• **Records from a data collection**
........
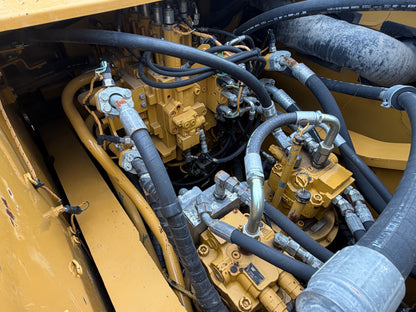 Used CAT 349 48.2 t Crawler Excavator - Unit 349GC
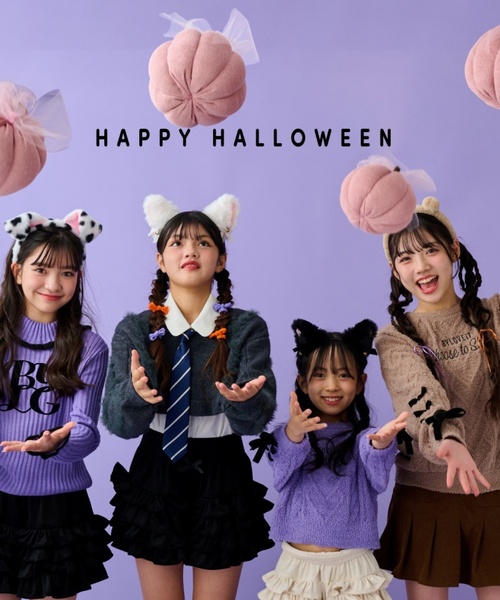 セール】ロゴ刺しゅうテレコニット（ニット/セーター）｜by LOVEiT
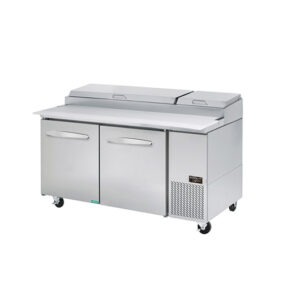 KOOL-IT KPT-67-2 67" Pizza Prep Table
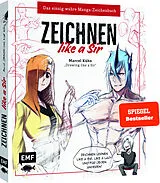 Kartonierter Einband Zeichnen like a Sir von Marcel Kühn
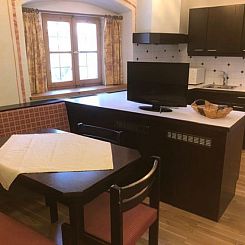 Appartement Burg Biedenegg, Pach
........
In the transcription, every picture is to be excluded and the records above given again exactly.

 Used CAT 349 48.2 t Crawler Excavator - Unit 349GC
 セール】ロゴ刺しゅうテレコニット（ニット/セーター）｜by LOVEiT
 KOOL-IT KPT-67-2 67" Pizza Prep Table
 Kartonierter Einband Zeichnen like a Sir von Marcel Kühn
 Appartement Burg Biedenegg, Pach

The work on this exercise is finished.